HISTORY is about to be made. A third Zimbabwean-born will play Test rugby for a major nation in a single calendar year.
David Pocock has been included in the Australia squad for a tour of Europe next month. When he makes his debut as expected, he will follow in the footsteps of props Tendai “Beast” Mtawarira and Brian Mujati and winger Tonderai Chavhanga, who have already played for South Africa this year.
While Chavhanga debuted for the Springboks in 2005, Mtawarira and Mujati made their first Bok appearances this year. In Australia, Gweru-born Pocock is spoken of in the same breath as Mtawarira in South Africa: a future great of the game in the making.
Last week 20-year-old Pocock featured on Australia’s Fox Sport News website, where in an interview the writer Bret Harris, he confessed an undying love for his country of birth.

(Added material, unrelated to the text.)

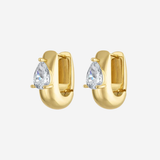 A pair of gold huggie hoop earrings, each featuring a pear-cut clear gemstone in a prong setting, shown against a light gray background.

The article says while at the end of Europe and Hong Kong when the rest of the Wallabies squad will take European vacations or return to the surf and sand of an Australian summer, Pocock will return home to Zimbabwe to “give succour to members of a village in the politically and economically bankrupt country, which he affectionately calls ‘Zim’”, wrote Harris.
“You can’t forget where you come from,” said Pocock. “That shaped who I am. All my childhood memories and stuff. I’m very fond of the place and the people.
“It’s tough to see what’s happening. People have no options. They can’t move to Australia for a better life. They are stuck there.
“People have been saying since 2000 it is going to get better, but almost nine years later it is getting worse. We are looking at helping out a community over there. It’s overwhelming because there are five million people starving. Who do you help? You think if I help 100, what difference does that make? You can’t think like that. You’ve just got to do what you can.”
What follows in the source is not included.